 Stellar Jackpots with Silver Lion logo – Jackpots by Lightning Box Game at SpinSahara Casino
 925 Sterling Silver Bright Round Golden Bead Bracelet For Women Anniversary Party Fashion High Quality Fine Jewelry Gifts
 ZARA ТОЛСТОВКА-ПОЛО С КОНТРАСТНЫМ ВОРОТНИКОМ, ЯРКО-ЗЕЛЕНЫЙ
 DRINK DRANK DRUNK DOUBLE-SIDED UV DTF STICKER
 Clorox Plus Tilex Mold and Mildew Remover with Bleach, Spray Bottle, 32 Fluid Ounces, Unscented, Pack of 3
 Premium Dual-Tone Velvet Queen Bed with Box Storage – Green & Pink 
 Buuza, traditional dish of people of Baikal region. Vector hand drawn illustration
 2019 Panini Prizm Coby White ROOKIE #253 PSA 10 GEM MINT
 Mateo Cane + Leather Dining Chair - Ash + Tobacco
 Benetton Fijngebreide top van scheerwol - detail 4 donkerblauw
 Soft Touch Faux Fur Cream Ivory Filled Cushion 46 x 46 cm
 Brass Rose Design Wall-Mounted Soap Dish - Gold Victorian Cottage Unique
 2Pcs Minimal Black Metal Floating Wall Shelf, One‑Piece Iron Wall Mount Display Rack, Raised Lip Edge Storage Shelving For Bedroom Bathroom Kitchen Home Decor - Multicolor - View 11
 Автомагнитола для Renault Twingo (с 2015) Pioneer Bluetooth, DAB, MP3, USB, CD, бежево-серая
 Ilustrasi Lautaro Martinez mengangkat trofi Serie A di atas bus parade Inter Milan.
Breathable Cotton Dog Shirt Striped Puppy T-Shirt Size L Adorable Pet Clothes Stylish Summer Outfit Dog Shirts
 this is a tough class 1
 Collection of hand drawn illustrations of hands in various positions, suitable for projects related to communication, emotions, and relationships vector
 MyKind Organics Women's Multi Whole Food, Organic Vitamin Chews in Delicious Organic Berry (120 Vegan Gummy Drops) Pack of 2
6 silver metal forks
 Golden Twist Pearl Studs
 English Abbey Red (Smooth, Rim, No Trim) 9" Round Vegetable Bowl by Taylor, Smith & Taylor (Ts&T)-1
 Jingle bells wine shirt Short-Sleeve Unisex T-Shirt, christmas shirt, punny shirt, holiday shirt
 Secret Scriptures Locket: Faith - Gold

= = = =

● **Task details**
Whenever a line in the data holds "Round", copy that line.

● **Exercise result**
 925 Sterling Silver Bright Round Golden Bead Bracelet For Women Anniversary Party Fashion High Quality Fine Jewelry Gifts
 English Abbey Red (Smooth, Rim, No Trim) 9" Round Vegetable Bowl by Taylor, Smith & Taylor (Ts&T)-1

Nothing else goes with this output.